Alison Levine

Personal information
- Born: May 11, 1990 (age 36)
- Home town: Côte Saint-Luc, Quebec, Canada
- Website: alisonlevine.ca

Sport
- Sport: Boccia
- Disability class: BC4

Medal record
Women's boccia
Representing Canada
Parapan American Games
| Gold medal – first place | 2023 Santiago | Individual BC4 |
| Gold medal – first place | 2023 Santiago | Pairs BC4 |
| Silver medal – second place | 2015 Toronto | Pairs BC4 |
| Bronze medal – third place | 2019 Lima | Pairs BC4 |

= Alison Levine (boccia) =

Canadian boccia competitor

Alison Levine (born May 11, 1990) is a Canadian boccia competitor.

== Early life and education ==
Levine grew up in Côte Saint-Luc, Quebec. She attended JPPS Elementary School and Bialik High School. She was diagnosed with idiopathic muscular dystrophy as a teenager. She graduated from Vanier College's Special Care Counselling program in 2013.

== Career ==

Levine threw boccia for the first time in December 2012. Her first medal was won in pairs with Marco Dispaltro at the 2013 national championship in Montreal. In 2014, she won a bronze medal in pairs at the Masters in Portugal. She won an individual silver medal at the European World Open in Poland in 2015, where she also won silver in the pairs competition. That same year, she won pairs silver at the Parapan American Games in Toronto. Going into her Paralympic debut in 2016, Levine was ranked 15th in the world in individual mixed BC4 boccia.
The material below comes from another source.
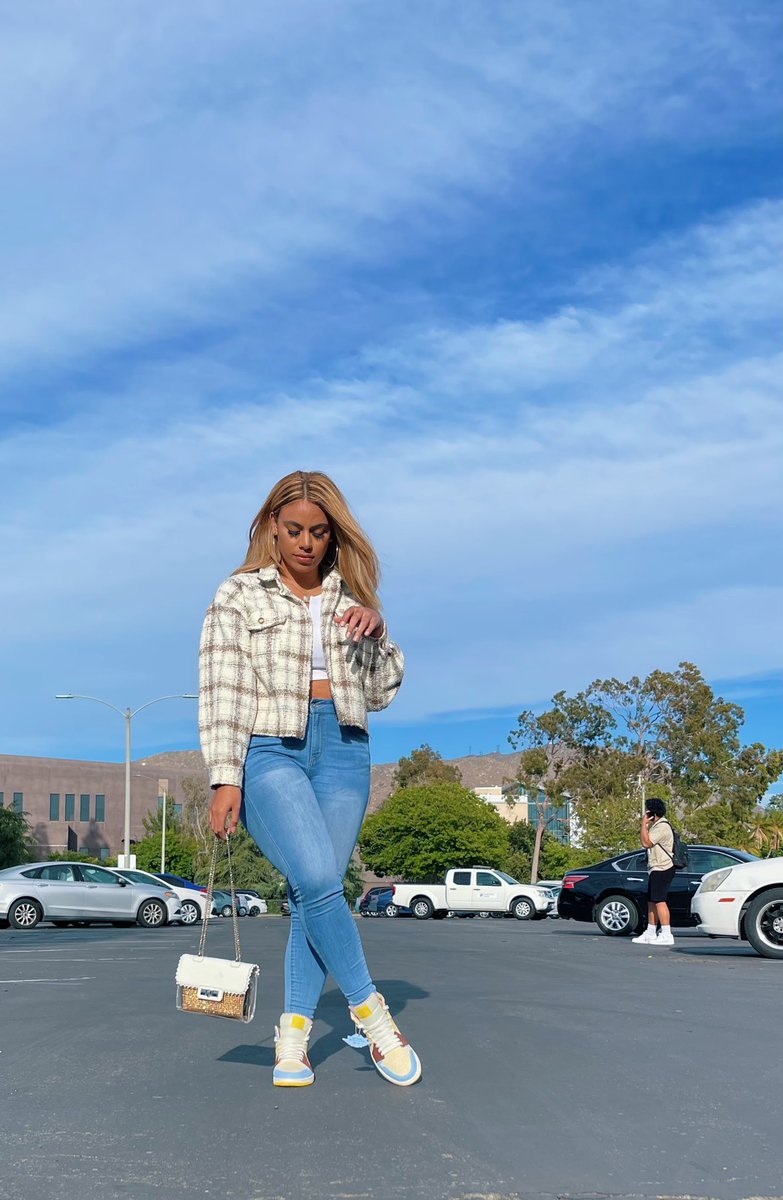dinahjane's tweet photo. everyday im battling my inner demons to see a new day.. prioritizing my mental ✌🏽 https://t.co/1S6bdwlXnI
She placed fifth at the 2016 Summer Paralympics in individuals BC4 boccia and sixth in pairs BC4, with Dispaltro and Iulian Ciobanu.
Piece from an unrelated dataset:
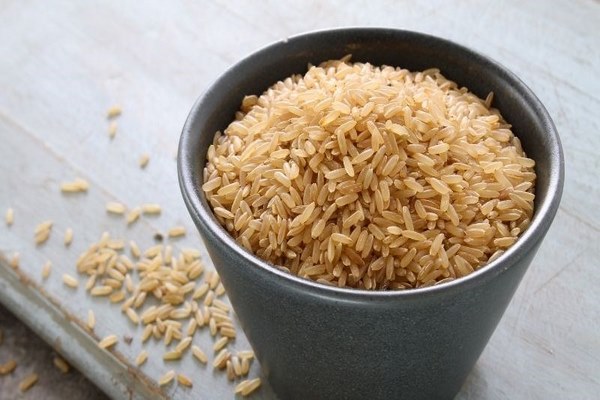 100g gạo lứt chứa khoảng 345 kcal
She won her first gold medal at a Boccia World Open event at the Montreal World Open in 2019. In 2019, she was ranked number one in the world by the Boccia International Sports Federation in the BC4 division, the first woman to be ranked first in the world in her disability class in the then mixed-sex sport. She entered the 2020 Summer Paralympics as the top ranked player in the world in the BC4 class, as well as being the top ranked female in the world. Levine competed in the boccia mixed BC4 individual event at the 2020 Summer Paralympics. She did not qualify for the quarter-finals after the group play stage. Levine and Ciobanu did not advance to the semi-finals in pairs BC4 at the Paralympics.

In 2022, Levine won gold she won at the São Paulo Americas Regional Championships, silver at the Rio de Janeiro World Cup, and Povoa de Varzim World Cup. She placed fourth in singles BC4 and won bronze with Ciobanu in BC4 pairs at the Rio de Janeiro 2022 World Boccia Championships. At the 2023 Parapan American Games, Levine won gold medals in BC4 pairs with Ciobanu and BC4 singles. She was chosen as Canada's flag bearer for the Games' closing ceremony.
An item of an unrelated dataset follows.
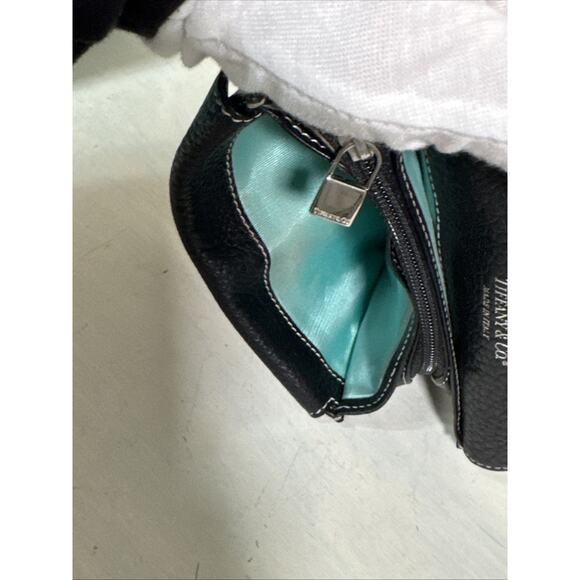 Tiffany & Co Pochette Wristlet Wallet Crossbody With Chain In Black Leather - Picture 8 of 16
Levine is the namesake of the Alison pant, a type of pants designed by Lululemon Athletica for use by the Canadian Olympic and Paralympic teams in 2024. At the 2024 Summer Paralympics, she made it to the women’s individual BC4 quarterfinals, but was eliminated after losing to Leidy Chica, the world number one ranked women’s BC4 boccia athlete. In mixed pairs BC4, Ciobanu and Levine placed fourth, losing to Thailand in the bronze medal match.